Stored items from a collection
--- START ---
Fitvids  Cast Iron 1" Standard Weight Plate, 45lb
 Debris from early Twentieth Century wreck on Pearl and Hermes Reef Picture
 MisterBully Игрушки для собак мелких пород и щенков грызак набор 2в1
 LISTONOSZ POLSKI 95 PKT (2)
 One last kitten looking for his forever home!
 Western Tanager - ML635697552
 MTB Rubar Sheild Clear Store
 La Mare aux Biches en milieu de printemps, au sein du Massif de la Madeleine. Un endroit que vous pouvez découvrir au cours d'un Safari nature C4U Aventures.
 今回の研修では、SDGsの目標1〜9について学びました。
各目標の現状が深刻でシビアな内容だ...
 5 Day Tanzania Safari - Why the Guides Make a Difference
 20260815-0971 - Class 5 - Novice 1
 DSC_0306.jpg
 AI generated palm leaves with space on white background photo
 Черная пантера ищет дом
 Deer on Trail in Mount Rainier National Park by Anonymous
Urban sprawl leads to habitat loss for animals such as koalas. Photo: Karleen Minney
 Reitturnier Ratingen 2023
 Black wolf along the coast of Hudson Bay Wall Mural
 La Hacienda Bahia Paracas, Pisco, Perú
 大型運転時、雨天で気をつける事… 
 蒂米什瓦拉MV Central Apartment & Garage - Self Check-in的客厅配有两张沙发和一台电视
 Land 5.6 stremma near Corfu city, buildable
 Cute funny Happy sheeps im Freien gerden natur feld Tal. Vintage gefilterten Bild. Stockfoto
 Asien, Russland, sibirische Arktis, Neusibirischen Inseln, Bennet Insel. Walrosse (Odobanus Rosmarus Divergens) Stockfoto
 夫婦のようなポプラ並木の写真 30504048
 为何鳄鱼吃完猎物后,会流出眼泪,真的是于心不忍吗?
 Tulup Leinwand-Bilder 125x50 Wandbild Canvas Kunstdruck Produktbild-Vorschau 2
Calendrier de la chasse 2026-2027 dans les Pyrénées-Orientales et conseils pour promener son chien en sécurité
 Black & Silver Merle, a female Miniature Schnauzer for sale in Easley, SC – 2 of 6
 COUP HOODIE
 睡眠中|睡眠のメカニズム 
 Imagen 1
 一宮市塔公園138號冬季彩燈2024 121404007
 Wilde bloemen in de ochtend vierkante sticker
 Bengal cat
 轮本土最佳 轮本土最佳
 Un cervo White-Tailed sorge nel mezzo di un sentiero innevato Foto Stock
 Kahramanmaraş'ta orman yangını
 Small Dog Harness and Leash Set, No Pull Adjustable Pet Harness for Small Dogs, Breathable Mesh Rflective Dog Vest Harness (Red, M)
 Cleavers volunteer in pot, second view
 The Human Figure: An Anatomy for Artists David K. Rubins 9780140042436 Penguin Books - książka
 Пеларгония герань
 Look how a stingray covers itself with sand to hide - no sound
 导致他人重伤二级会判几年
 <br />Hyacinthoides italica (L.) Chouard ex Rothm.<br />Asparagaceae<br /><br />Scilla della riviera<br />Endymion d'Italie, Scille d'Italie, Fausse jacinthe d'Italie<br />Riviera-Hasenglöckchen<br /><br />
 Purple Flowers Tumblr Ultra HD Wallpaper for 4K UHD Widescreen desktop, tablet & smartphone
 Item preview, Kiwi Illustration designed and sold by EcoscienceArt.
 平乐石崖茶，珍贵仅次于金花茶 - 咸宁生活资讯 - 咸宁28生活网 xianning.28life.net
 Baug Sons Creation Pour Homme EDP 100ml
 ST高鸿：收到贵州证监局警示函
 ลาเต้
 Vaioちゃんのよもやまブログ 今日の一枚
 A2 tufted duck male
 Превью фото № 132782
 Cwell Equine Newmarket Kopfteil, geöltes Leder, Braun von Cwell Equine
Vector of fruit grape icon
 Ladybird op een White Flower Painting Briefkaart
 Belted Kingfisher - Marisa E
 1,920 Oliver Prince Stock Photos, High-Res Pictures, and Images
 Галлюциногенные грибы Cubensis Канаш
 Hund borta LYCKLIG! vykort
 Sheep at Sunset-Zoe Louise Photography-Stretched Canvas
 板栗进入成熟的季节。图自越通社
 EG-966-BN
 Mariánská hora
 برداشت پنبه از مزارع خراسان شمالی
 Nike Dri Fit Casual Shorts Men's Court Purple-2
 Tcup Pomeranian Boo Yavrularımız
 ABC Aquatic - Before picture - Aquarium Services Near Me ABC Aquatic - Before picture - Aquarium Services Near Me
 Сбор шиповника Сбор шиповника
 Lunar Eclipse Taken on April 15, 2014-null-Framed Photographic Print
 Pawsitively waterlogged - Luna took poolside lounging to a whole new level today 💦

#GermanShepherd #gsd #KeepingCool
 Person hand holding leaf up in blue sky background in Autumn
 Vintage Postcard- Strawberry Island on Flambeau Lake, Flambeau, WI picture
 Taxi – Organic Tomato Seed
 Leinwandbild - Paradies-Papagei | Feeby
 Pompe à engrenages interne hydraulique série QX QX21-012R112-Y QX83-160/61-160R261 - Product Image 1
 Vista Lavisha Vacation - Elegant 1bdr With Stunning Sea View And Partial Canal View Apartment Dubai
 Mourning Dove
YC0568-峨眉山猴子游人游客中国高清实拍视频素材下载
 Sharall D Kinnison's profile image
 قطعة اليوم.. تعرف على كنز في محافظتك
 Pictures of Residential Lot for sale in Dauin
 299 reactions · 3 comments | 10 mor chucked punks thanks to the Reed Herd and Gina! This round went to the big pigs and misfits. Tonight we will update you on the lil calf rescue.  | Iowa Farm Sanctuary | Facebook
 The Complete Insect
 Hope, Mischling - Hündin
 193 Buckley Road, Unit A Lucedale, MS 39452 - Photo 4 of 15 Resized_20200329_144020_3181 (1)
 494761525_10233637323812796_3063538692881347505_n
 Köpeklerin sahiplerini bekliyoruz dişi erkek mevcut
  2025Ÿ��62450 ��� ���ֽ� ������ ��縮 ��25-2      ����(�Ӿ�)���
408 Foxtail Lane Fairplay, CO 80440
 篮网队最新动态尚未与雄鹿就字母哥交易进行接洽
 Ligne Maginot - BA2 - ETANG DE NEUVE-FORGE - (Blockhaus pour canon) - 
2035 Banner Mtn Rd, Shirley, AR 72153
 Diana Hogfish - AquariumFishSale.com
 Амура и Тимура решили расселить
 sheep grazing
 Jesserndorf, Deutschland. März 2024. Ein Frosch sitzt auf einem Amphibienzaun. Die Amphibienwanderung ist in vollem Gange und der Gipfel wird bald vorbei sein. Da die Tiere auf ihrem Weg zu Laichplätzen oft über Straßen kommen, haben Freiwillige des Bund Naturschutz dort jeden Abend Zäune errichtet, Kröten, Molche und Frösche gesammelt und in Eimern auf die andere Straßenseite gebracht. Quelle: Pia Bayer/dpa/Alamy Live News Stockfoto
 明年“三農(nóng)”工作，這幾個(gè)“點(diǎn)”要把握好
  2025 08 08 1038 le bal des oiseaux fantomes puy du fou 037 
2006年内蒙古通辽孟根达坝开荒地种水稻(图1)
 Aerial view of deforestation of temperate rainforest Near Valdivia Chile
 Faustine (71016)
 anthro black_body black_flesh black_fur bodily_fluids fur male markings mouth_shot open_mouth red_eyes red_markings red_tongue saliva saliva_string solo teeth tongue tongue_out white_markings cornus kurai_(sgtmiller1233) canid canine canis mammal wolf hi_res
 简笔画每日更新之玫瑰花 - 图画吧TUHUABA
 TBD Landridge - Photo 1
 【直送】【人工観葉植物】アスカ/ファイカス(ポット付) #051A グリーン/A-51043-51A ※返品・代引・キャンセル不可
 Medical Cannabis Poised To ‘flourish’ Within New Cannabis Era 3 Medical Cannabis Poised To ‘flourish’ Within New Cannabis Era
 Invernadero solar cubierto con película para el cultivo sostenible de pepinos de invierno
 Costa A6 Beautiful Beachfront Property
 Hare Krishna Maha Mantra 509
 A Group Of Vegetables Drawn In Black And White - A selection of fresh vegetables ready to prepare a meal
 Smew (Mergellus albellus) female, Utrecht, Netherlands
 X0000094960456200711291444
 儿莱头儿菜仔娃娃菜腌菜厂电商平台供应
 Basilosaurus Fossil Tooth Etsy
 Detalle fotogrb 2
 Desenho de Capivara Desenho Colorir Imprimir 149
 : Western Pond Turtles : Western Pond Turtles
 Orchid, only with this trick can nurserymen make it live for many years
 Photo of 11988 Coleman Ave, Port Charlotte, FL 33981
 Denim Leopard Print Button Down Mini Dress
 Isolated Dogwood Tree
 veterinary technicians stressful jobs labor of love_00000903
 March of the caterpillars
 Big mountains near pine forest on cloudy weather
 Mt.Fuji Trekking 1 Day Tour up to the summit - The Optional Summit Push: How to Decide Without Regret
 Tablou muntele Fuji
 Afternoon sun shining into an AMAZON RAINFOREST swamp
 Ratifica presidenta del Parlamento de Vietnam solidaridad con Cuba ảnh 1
--- END ---
> How to complete this task
Find every line of the data that includes the string "Fuji". Copy each of those lines.

> The completed task
 Mt.Fuji Trekking 1 Day Tour up to the summit - The Optional Summit Push: How to Decide Without Regret
 Tablou muntele Fuji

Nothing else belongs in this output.